Avoid coffee and soda pop.Purchase a car on the last day of the month.
Those are some tips served up Monday as Ralph Nader and other consumer advocates launched "Frugal Shopper Week" to help Americans save money in tough economic times and let certain merchants know consumers won't be pushed around.
"What this really adds up to is developing an astute consumer culture," said Nader, considered by some to be America's top consumer crusader.
Nader held a news conference to put forward a cornucopia of common-sense ideas to help people save money on food, insurance, health care and other necessities and live a more spartan, waste-free life.
"When you save money in the marketplace, it's the equivalent of giving yourself a raise," he said.
Robert Hunter, president of the National Insurance Consumer Organization, said Americans spend too much on insurance - about $3,000 a person a year.
"We try to insure everything and we shouldn't," Hunter said.
He said everyone needs health insurance, but not all people - singles, for instance - need life insurance. Hunter advised consumers to stick with catastrophic coverage, which is intended to prevent economic devastation in the event of the unseen, and comprehensive coverage, which is cheaper than piecemeal policies.
He said a person doesn't need a separate flight insurance policy if already covered by an adequate life insurance plan.
"You aren't worth any more (dead) from an aircrash than a heart attack," Hunter said.
He also advised against contact lens insurance and rain insurance, which pays vacationers if it rains a lot on their sojourn.
"Don't buy what you don't need," Hunter said.
Michael Jacobson, who directs the Center for Science in the Public Interest in Washington, said Americans eat out too often.
"In 1991, Americans spent about $180 billion on food away from home," Jacobson said. "We could have saved $90 billion if we ate those meals at home."
He said restaurant food tends to be high in fat and sodium, as do processed foods like microwave dinners.
More tips: Grow a big garden; buy less meat and more beans and don't waste money on junk foods, like "soda pop, hot dogs and coffee."
"It has no nutrients whatsoever," Jacobson said of coffee, the morning staple for many people. "In theory, one could drink water and save a lot of money."
Jacobson said an occasional meal on the town or cup of java is all right - but nothing extreme. "You can clearly save a tremendous amount of money," he said.
Ron Moore publishes the Skinflint News, a monthly newsletter out of Palm Harbor, Fla., for the thrifty consumer. It costs $1 an issue.
One tip he offered in a recent edition was this: buy a car on the last day of the month, not the first. The reason, Moore contends, is that dealers must pay interest to the bank on the money they borrowed to have the vehicle sitting on the lot.

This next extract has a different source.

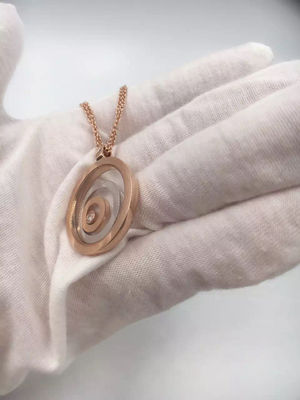 Qualität Geist-Anhänger Chopard einfache Halskette der Frauen des Gold18k glücklicher mit Diamanten Fabrik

They are more motivated at the end of the month to offer a good deal to a buyer in order not to have to pay another month of interest.
October's Skinflint News has a sure-fire way to tell if an egg is fresh: Put it in a bowl of water. If it sinks, it's fresh.
Nader said saving money is important as the economy slogs along and income growth stays low. Also important is buying smartly, avoiding shoddy products and goods backed by "heavy" service contracts. If no one buys junk, he said, no one will make it.
"The cumulative effect is to improve the overall quality of the marketplace," Nader said.